O promotor se baseou no inquérito para denunciar Luciana e Guilherme por dez furtos qualificados pelo abuso de confiança e pela participação de mais de uma pessoa. Esse foi o número de compras ou saques realizados por esses réus com o cartão bancário e a senha da vítima, sem que ela soubesse. As transações ocorreram entre os dias 31 de janeiro de 2018 e 8 de agosto de 2019, totalizando R$ 19.463,60. Devido à suspeita de mais fraudes, Betini autorizou a quebra do sigilo bancário da advogada e do filho.


Sérgio percebeu a realização das transações indevidas ao conferir extratos, mas não desconfiou das pessoas com as quais dividia a locação da casa sobreposta do Embaré. Imaginando que foi vítima de algum tipo de fraude eletrônica decorrente de falha do sistema bancário, reivindicou o ressarcimento dos valores junto ao Banco do Brasil. Sem êxito, ajuizou duas ações contra a instituição financeira, que foram distribuídas na 1ª e 3ª varas do Juizado Especial Cível de Santos.


Diálogos entre mãe e filho pelo WhatsApp revelaram a ambição e o nível do caráter de ambos. “Se de um lado, a vítima nutria sentimento de amizade pelos denunciados, de outro, a dupla vislumbrava em Sérgio somente a oportunidade de obter vantagem de ordem patrimonial”, frisou o promotor. Em uma mensagem que não foi apagada e já faz parte do processo, Luciana comemora a descoberta da nova senha bancária do fiscal ao dizer para Guilherme: “Esse fdp mudou as letras. Mas eu sei onde ele anota”.
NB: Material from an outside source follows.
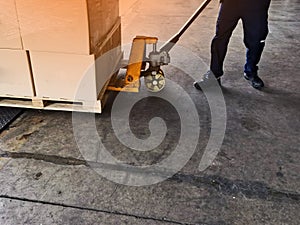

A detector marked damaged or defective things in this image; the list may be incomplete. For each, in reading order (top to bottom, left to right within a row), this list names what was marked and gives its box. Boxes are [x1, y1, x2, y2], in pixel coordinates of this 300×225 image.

Em outra conversa, a mãe escreveu para o filho: “Agora temos a senha e até quem mate ele”. O representante do MP também citou na denúncia que, certos da impunidade, os acusados chegaram a utilizar os seus conhecimentos jurídicos para depreciar o trabalho da Polícia Civil, como um diálogo no qual Luciana afirma que a única testemunha do homicídio seria o gato do fiscal de rendas, incapaz de relatar o que aconteceu dentro da sobreposta na madrugada de 14 de novembro de 2019.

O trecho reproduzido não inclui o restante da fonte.